The work of Nisbett, Peng, Choi, and Norenzayan (2001) on culture and systems of thought has drawn much attention of psychologists. The authors presented a strong and provocative view of cultural influence on human cognition. According to Nisbett et al. culture can influence not only our belief systems, languages, and social cognitive systems but also how we perceive and think, which are very basic cognitive processes. Their paper reviewed studies showing how culture penetrated almost every aspect of our cognitive processing, such as focus of attention, cognitive control, knowledge acquisition, attribution, prediction and “postdiction” (ad hoc explanation), reasoning, cognitive styles, categorization, judgment, and problem solving.
Is the influence of culture on cognition as pervasive as Nisbett et al. suggested? In this chapter, we examine the extent of cultural influence on human thinking by focusing on two types of thinking: deductive reasoning and creativity, which are both fundamental human abilities but commonly considered involving different cognitive processes.

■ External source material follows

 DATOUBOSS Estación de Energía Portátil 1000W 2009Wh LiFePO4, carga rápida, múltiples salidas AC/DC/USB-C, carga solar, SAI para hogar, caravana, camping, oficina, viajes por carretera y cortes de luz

To many psychologists, deductive reasoning and creativity are like two antitheses, representing two modes of thinking (e.g., de Bono, 1991; Johnson-Laird, 1987, 1993; Lavric, Forstmeier, & Rippon; 2001; Runco, 2002; Sternberg & O'Hara, 1999). Johnson-Laird, for example, once stated that the cognitive process of human creativity was beyond a scientific explanation and certainly different from that of logical reasoning (1987). De Bono (1991), who invented the terms vertical and lateral thinking, roughly paralleling the contrast between analytical and creative thinking, made clear distinctions between these two modes of thinking.